What if we recognized that everyone’s situation is different and that what works for one person might not work for another?
Having Empathy for the Hard Decisions People Must Make
I was talking to my friend, Catie, the other day and she mentioned how hard it must be for business leaders and owners right now. She was empathizing over the difficult decisions they must make––whether to lay people off, close down or keep going.
And as she shared this, I realized that I haven’t been so great at doing this.
It seems so cut and dry from the sidelines. And it’s really easy to play Monday morning quarterback. But, have we ever really considered what it would be like to be in the shoes of people who are having to make really difficult decisions right now?
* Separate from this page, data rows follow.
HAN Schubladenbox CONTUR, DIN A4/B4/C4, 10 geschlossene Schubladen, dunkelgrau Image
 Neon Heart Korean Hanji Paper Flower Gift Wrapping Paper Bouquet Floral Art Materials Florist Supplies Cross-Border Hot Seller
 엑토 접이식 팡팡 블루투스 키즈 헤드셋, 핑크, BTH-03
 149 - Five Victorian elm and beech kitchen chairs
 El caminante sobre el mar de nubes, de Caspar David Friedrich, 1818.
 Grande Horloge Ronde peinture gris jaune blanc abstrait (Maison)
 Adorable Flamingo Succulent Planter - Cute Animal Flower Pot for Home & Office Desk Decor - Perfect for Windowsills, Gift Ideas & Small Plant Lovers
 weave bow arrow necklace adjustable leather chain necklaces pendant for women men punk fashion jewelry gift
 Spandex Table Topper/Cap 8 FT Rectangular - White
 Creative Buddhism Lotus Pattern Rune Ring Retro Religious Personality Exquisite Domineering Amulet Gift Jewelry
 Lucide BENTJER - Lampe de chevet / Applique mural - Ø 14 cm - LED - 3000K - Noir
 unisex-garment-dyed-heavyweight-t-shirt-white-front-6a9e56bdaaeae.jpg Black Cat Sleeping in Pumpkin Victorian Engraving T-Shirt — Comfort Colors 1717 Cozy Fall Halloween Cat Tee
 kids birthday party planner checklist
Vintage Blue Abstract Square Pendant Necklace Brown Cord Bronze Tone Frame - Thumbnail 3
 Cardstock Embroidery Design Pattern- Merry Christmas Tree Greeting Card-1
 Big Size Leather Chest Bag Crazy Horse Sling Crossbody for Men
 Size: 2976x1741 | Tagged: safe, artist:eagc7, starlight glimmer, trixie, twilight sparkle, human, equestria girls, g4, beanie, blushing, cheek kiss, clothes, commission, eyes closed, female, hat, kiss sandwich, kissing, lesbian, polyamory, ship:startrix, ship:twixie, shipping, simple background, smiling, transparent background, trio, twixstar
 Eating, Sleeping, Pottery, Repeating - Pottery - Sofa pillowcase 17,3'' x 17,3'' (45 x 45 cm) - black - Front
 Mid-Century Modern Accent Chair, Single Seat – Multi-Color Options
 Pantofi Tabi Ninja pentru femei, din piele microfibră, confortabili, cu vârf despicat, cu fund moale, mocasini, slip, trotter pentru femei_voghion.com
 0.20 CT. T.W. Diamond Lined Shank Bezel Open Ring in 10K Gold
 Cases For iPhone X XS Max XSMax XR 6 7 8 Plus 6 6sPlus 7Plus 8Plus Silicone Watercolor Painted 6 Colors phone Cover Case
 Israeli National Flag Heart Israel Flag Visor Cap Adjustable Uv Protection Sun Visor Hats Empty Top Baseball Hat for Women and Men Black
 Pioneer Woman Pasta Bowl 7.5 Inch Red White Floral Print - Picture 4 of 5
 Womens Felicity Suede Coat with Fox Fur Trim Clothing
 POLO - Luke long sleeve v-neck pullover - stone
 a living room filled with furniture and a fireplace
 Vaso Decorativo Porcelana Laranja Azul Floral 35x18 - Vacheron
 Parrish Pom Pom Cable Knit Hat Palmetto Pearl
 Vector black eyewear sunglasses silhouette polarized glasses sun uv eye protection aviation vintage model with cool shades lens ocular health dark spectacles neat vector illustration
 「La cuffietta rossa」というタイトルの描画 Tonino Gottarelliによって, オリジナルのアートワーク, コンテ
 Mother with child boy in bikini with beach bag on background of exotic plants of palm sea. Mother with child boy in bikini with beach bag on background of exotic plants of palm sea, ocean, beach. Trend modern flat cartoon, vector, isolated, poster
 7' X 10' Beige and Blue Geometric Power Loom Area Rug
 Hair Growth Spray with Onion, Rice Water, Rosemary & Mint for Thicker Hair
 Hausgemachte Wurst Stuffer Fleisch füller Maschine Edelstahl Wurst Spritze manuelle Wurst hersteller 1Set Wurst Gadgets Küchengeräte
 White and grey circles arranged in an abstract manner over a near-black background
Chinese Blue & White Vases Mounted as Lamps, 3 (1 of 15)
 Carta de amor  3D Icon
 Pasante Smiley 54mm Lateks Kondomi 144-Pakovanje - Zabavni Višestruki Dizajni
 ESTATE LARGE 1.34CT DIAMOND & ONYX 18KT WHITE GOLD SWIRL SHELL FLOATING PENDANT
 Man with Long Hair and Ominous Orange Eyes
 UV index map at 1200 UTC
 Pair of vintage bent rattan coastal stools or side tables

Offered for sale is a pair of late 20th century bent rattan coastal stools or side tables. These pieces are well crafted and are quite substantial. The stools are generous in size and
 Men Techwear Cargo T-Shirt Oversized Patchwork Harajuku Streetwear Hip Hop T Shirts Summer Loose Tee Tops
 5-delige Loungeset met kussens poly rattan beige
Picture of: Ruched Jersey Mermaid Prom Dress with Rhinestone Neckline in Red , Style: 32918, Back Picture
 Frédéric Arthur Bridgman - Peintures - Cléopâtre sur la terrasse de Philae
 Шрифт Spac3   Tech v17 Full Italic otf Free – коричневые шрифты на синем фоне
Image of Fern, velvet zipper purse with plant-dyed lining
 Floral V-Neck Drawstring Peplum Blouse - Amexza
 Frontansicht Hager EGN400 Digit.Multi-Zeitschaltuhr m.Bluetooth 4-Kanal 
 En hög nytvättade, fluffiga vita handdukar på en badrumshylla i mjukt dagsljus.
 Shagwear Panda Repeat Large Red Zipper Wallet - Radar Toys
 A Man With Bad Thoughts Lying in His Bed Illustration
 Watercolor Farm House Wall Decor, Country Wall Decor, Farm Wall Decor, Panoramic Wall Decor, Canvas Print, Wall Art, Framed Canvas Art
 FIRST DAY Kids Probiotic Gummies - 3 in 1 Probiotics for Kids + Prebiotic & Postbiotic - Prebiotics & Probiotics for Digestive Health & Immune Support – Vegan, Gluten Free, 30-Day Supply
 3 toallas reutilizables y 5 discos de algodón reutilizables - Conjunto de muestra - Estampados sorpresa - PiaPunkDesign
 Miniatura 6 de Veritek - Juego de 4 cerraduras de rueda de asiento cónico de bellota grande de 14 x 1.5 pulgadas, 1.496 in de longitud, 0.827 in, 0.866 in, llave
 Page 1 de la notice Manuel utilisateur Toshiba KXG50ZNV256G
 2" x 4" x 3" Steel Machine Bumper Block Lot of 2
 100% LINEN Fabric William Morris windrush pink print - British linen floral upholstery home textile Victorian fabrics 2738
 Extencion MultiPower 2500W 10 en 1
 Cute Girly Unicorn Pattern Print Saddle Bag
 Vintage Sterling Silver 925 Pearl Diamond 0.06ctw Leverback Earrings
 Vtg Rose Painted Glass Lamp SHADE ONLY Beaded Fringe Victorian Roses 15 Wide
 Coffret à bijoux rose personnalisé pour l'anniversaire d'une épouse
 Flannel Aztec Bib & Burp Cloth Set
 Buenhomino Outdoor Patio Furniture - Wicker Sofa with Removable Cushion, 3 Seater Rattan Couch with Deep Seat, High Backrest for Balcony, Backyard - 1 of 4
I have absolutely judged some of our government leaders for their decisions during the past several weeks. And while it’s absolutely my right to disagree, and I’m not saying we have to agree with their choices, I also have no idea what it’s like to be in their positions… to have millions of people’s lives impacted by the decisions they make.
The same is true for the local business owner I have judged who has made the decision to open up his business next week, even though that goes against the mayor’s guidelines for doing so. While I completely disagree, I also don’t know what he must be going through. Making the decision to open now might mean the difference between his business making it through the pandemic or closing down for good.
What if We Gave Everyone the Benefit of the Doubt?
The reality is that everyone is making difficult decisions right now. And none of them are necessarily right or wrong. We’re all just operating under very different circumstances and information. We live in a land of gray. Everything is murky and it’s hard to know what to do.
That’s why we are all just doing the best we can. If we can acknowledge that, perhaps we can do a better job of supporting each other.
After all, empathy creates more connection. Even if we’re physically isolated, if we can be empathetic about the difficult decisions that people must make right now, we will feel more connected.
I’ve even read that showing empathy to others helps you feel more compassion toward yourself.
And I believe that we could all use more self-compassion.
For example, I know there are plenty of moms right now, myself included, who are beating themselves up for not being completely present for their kids right now as they are trying to manage the grueling workload of childcare, work, teaching and keeping the household running.
Focus on what we CAN Control
Shaming others and ourselves doesn’t help anyone or improve the situation. Judging doesn’t make us feel better. It makes everything worse.
We can’t control the pandemic, but we can control how we treat others during it.
My hope is that we can start by choosing more kindness, empathy and love.
More love for others. More love for ourselves.
Because if we do that, I think we can emerge from this thing stronger, more united, more connected.
Yes, it will be hard. But, I believe that it’s worth it.